Two Poems by Penny Boxall

Miss W.

In the bad year we happen
to cross paths on the slipway
by the river. She is—as ever.
Stoic. Myopic. Her blunt hair.
Her wide mouth smiling vaguely,
as one might to a total stranger.

Meanwhile, years collapse inward
like a faulty telescope. We are again
in class, split down the middle
for or against some moral stance.
Those words, then, in her straight-
forward voice: Some of you, someday,
might have to make this choice.

Common sense? Prophesy? How
I’ve taken it to heart.

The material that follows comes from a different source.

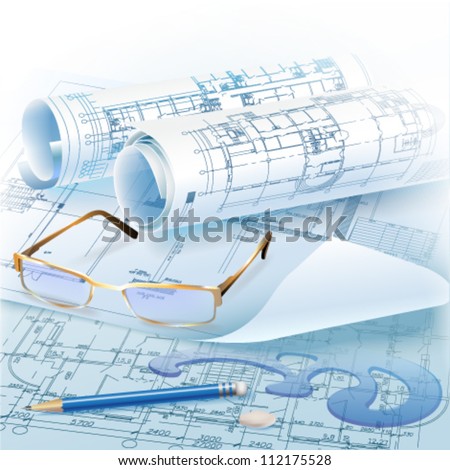 Architectural background with drawing tools and rolls of drawings. Vector clip-art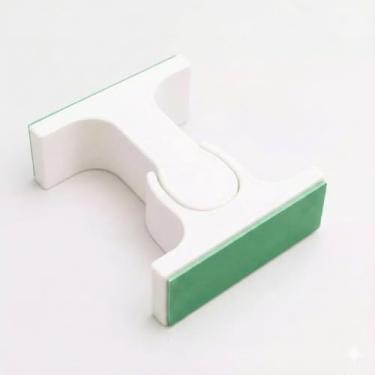 Imagem de Trava Porta Adesiva Sem Furo Fixador Prendedor Porta Vidro Madeira (PRETO,4 TRAVAS)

And as
the moments slip—she (this instant)
stepping over a puddle to let me pass—
I do not know if we-then, we-now
move closer together, or further apart.

The Artful Jack

Oh, that ye were all like Jack Sheppard!… Let me exhort ye, then, to open the locks of your hearts with the nail of repentance! Burst asunder the fetters of your beloved lusts! – mount the chimney of hope! – take from thence the bar of good resolution! – break through the stone wall of despair! — Annals of Newgate, 1754

The Parson’s Words come out as Smoke                       he has a Fire in him

Not us              in tall Pews stamping our bloodless Feet                       
we spy through uncoloured Windows     Jackdaws hanging                    on the Wind’s Gallows
receiving hasty Pardons            jerking back to the World           a fine Game!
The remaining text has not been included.